Researcher
Research institution
Champion
Focus team
Topic
Project status
Year ended
2018
Project ID
201404
Abstract

Dr. Gary Klein and Joseph borders sought to answer two questions raised from their Shadowbox pilot project: (1) can Shadowbox be used with a high-fidelity simulator and (2) can the Shadowbox exercises be generic rather than unit specific. Use of Shadowbox with a high-fidelity simulator resulted in a 28% improvement in operator decision making. A web-based Shadowbox for a polyethylene unit was created to test operators from that unit and similar, but not identical, units. Testing of the latter had to be halted due to union objections regarding “testing”.

Driving questions

Can the ShadowBox approach be generalized so that scenarios are applicable beyond a specific refinery? In other words, can a scenario developed for one refinery have value when applied at a different location (e.g., refinery, company, etc.)? While specific knowledge may not transfer, is there general skills/knowledge that would make the training beneficial?
Can the ShadowBox approach help identify levels of expertise or faulty mental models?
How does the ShadowBox technique fit in as part of an overall console operator training tool?

Background

A pilot effort was conducted to determine if the ShadowBox training technique, currently being developed for the military and civilian disaster response teams, would be a method to both capture expertise and enhance operator training. The results were promising with the development of two ShadowBox exercises for Marathon’s Detroit Refinery. However, there were still questions as to the use of the ShadowBox technique.

Deliverables

1.  FCC theme matrix. This will contain 4-6 common FCC problems (e.g. water in the feed) and 4-6 cognitive challenges that FCC board operators face (e.g. ambiguous data).

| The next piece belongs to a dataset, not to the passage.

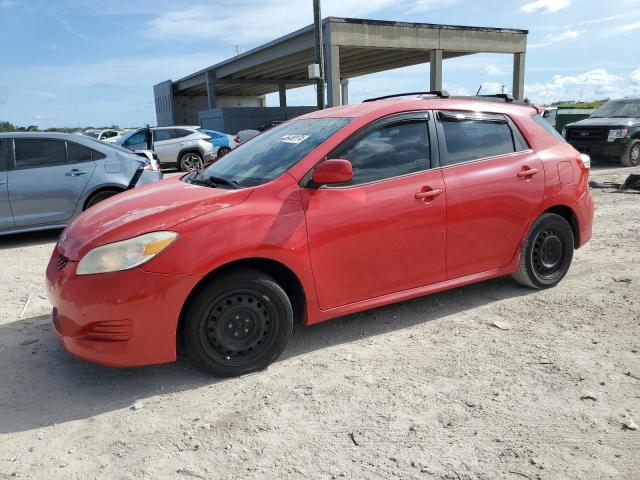 TOYOTA COROLLA MA 2010 2t1ku4ee5ac477250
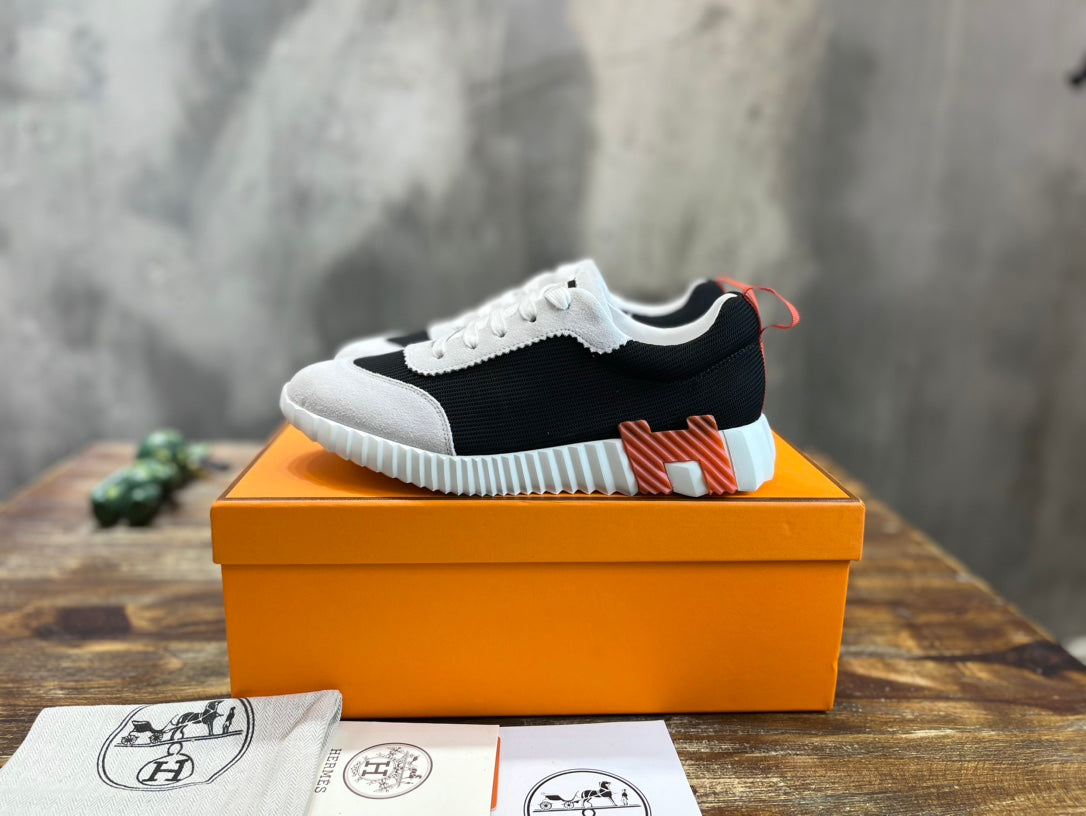 Luxury Shoes - HMS - 367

2.  ShadowBox Training scenarios. MacroCognition LLC will develop ShadowBox training scenarios using interviews with experienced FCC operators. We will construct these scenarios around the common problems list. Within each scenario, we will try to address multiple cognitive challenges. Each common problem and cognitive challenge will be applied at least once. We expect to revisit previously created ShadowBox scenarios and DMX training materials; and generate 3-4 new ShadowBox scenarios.

  • a. Expert rankings and rationale for each decision point
  • b. Accompanying visuals for each ShadowBox scenario

3. Console training program assessment. MacroCognition LLC will review 2 console-training programs and identify any cognitive gaps in the protocol.

4. Expert vs. novice performance differences for refinery vs. non-refinery specific scenarios.

5. Methods to utilize ShadowBox training method with high fidelity ethylene plant simulator.

6. Template and concept map of low fidelity simulator using ShadowBox training method.

7. Written and oral report of results at the completion of the project.